Q&A Why I think testing "labs" are useless

mlnevese

Level 25
Verified
Top poster
Well-known
May 3, 2015
1,444
I have been saying something similar for a few years now. All top brands offer similar protection, so choose the ones that don't create any problem, do not slow you
down, that you are comfortable with the interface. Finally, the one that is cheaper.

All top brands have hidden bugs that are not evident at first. So, in an ideal situation, use their trial period to the last day. Use your computer as you would every day. Notice if the web pages you visit have any trouble loading. Do you have problems accessing anything in your network? Can you print to your wireless printer or scan from your wireless scanner?

While using the trial do not go throwing thousands of malwares at the software. Eventually some product will miss a sample and infect your machine for good. Also keep in mind that product A will eventually detect sample X while product B won't. This doesn't make product A better than B. You may bet there is a sample Y out there that product B detects, and A doesn't.
 
Last edited:

MacDefender

Level 16
Verified
Top poster
Oct 13, 2019
772
All these tests are designed merely as a guide, but due to melting differences now (not like long time ago with Symantec:98.9%, McAfee: 81.6%) they can no longer be even that.
It's like when you buy a fridge, you have volume in litres, but you also have other factors to consider.

When considering which software will be used in the long run, there are factors, such as performance, lack of issues, alerts frequency/design and others. I personally wouldn't use an antivirus slowing me down or bothering me every 10 minutes, even if it was triple-engine with Kaspersky, Bitdefender and Avast.
I like it when the tests reveal enough information about their samples that we can draw meaningful real world conclusions.

For example, years ago this community was one of the first to start noting how BitDefender’s signatures lagged for zero day protection.
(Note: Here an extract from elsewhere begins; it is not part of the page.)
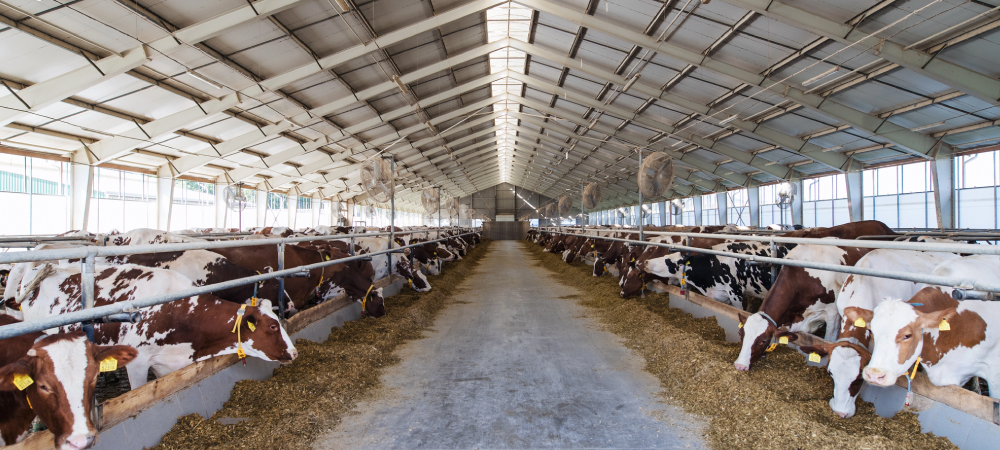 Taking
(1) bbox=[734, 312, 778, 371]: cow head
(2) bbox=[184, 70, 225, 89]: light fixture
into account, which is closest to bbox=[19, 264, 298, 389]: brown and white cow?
(1) bbox=[734, 312, 778, 371]: cow head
That drove the intuition that if you choose a BD product it needs to be combined with something else that protects against emerging threats — whether that’s a second engine or a dynamic behavior blocker.

Even recently, @harlan4096’s tests showed that F-Secure had repeated blind spots to both scriptors as well as broad whitelisting of legitimate processes that could be abused (Python, Node.JS, etc).

When a test just says that product A detected 490 out of 500 threats and product B detected 480 out of 500, I think it’s crazy that people switch AV software based off those kinds of results. In a lot of the lab tests there simply is not enough spread between the products and the tests exaggerate slight differences, less than a few percent detection differences. Worse, other labs conflate non-protection scores in with the overall score (ease of use, false positive on a largely irrelevant battery of software, etc)
 
F

ForgottenSeer 89360

Even recently, @harlan4096’s tests showed that F-Secure had repeated blind spots to both scriptors as well as broad whitelisting of legitimate processes that could be abused (Python, Node.JS, etc).
Same like my test unfortunately.

For example, years ago this community was one of the first to start noting how BitDefender’s signatures lagged for zero day protection.
You can only go that far relying on signatures. Then the behavioural blocker was amazing til it had a slider to adjust the aggressiveness, but it didn’t take long for them to kill that, as well as the IDS adjustment.

I also don’t trust the performance test anymore that puts product A on the first place, product B last. From my tests I saw how product that has been deemed one of the heaviest, can actually be the best one for a very old laptop. I also saw how a product amongst the first might be an overload for my SSD.
 

monkeylove

Level 7
Verified
Well-known
Mar 9, 2014
304
In terms of protection, tests are very helpful given the costs of security programs.

For performance, YMMV. One quick test involves using benchmark software after installing a program. The catch is that one will have to make sure that the program is uninstalled correctly after testing, which may mean using any uninstallers or cleaners provided by the company.

Finally, one reason for switching is that the performance sometimes goes down due to changes in the operating system and/or the security program.
 

mlnevese

Level 25
Verified
Top poster
Well-known
May 3, 2015
1,444
As far as I'm concerned the best way to test performance is to install it in your machine and use it. If you can't feel the difference, then it's light. A 0,1ms diference to load a webpage, for instance, doesn't bother me or make the product "heavier".

Don't even mention RAM. High RAM usage does not in any way qualify a product as heavy.